▶ [WORK TO COMPLETE] Starting with the first line of the material, reproduce exactly each line up to and including the one that contains "Sofá Baú Sem", leaving out every picture.

[DATA TO EXAMINE Boundary: Start]

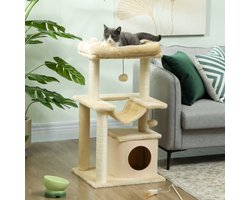 REDOM Compacte Kattenkrabpaal voor Kittens (90cm) - Krabmeubel met Hangmat & Huisje - Sisal / Pluche - Crèmewit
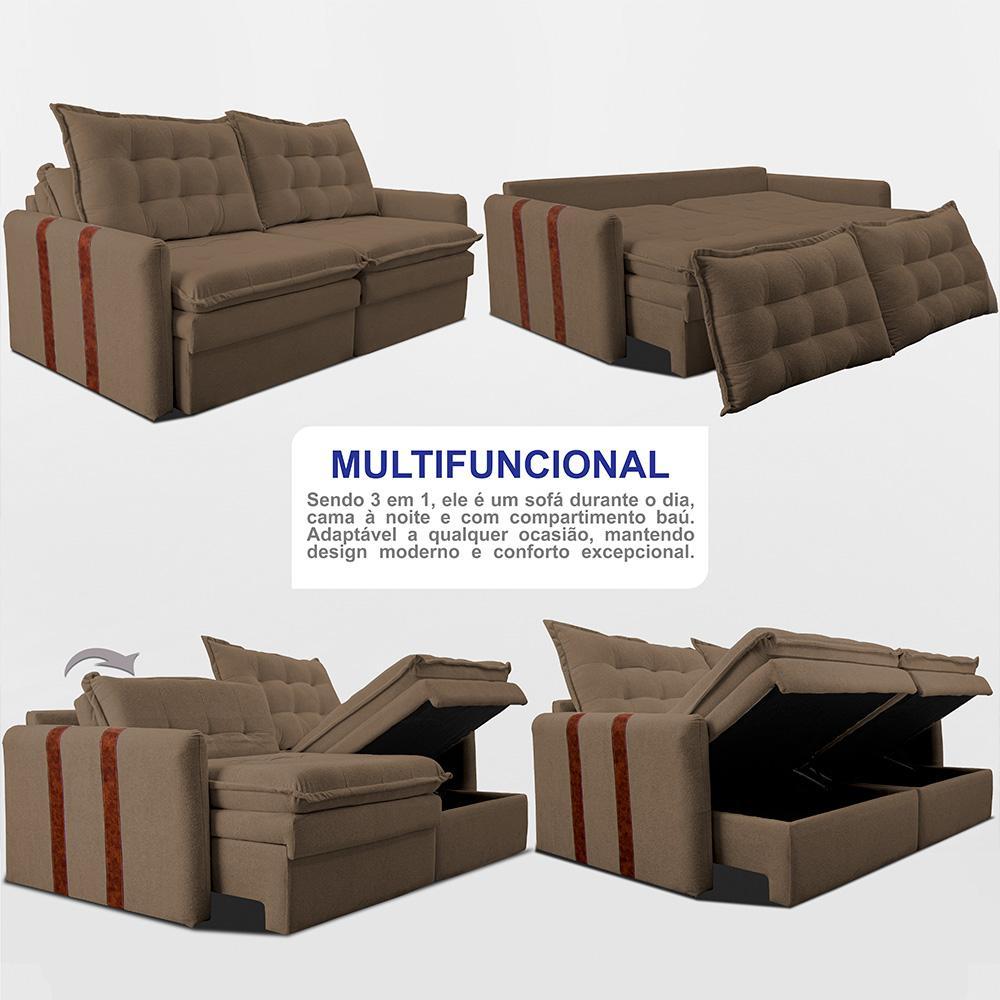 Sofá Baú Sem Caixa Retrátil 1,80m SoftGel Petit Boucle Marrom Cama inBox - 5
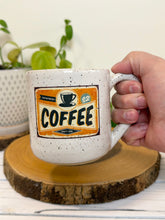 Load image into Gallery viewer, #014 - 16 oz. White speckled mug with vintage coffee graphic #4
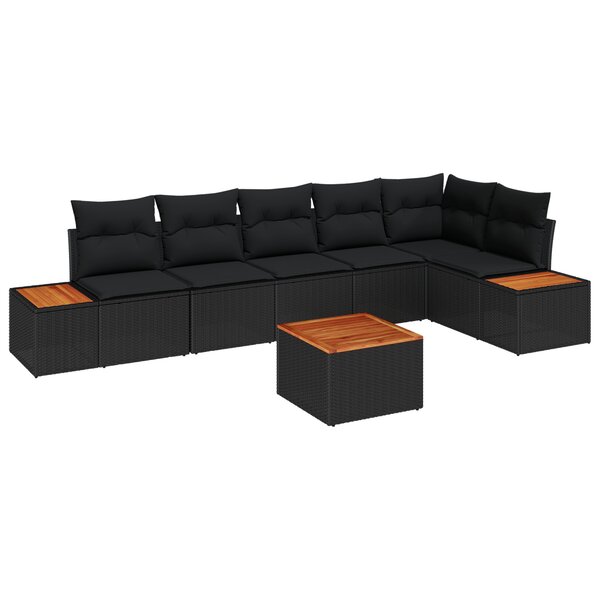 Ensemble de canapé de jardin 7 pièces avec coussins en rotin noir et bois d'acacia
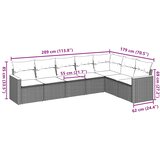  7-dijelni set vrtnih sofa od poliratana s jastucima crni | shoptok.hr
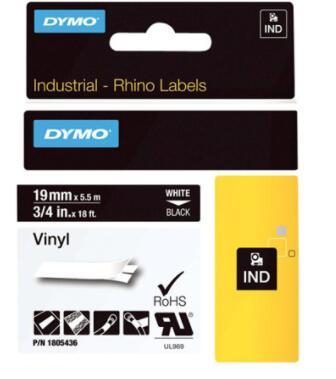 DYMO® Original IND-Schriftband für Rhino™ Vinyl 19mm x 5,5m - weiss auf schwarz von Dymo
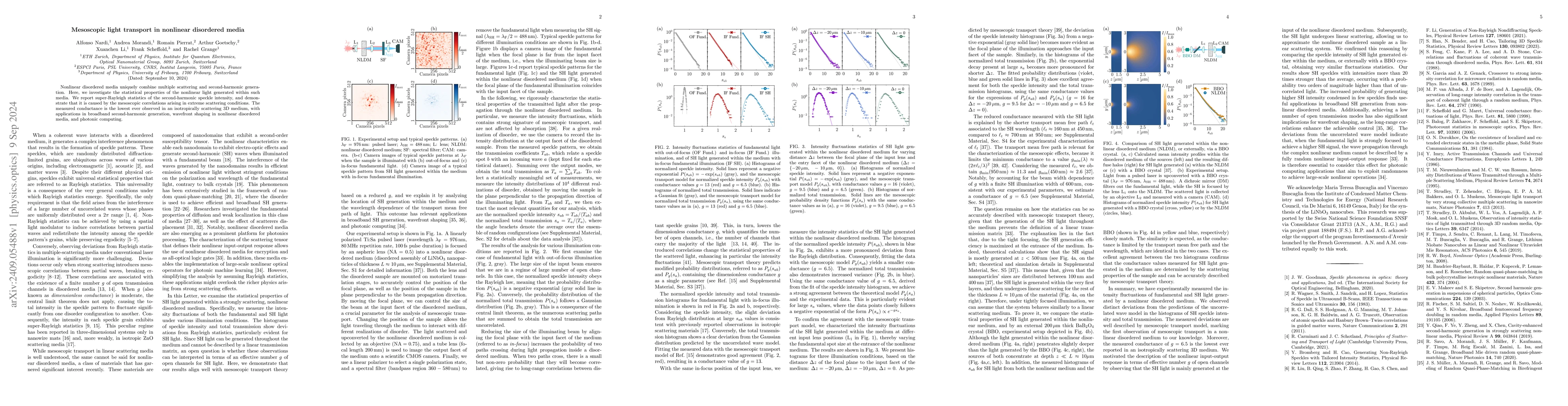 Thumbnail for Mesoscopic light transport in nonlinear disordered media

[DATA TO EXAMINE Boundary: End]

▶ [TASK RESULT]
 REDOM Compacte Kattenkrabpaal voor Kittens (90cm) - Krabmeubel met Hangmat & Huisje - Sisal / Pluche - Crèmewit
 Sofá Baú Sem Caixa Retrátil 1,80m SoftGel Petit Boucle Marrom Cama inBox - 5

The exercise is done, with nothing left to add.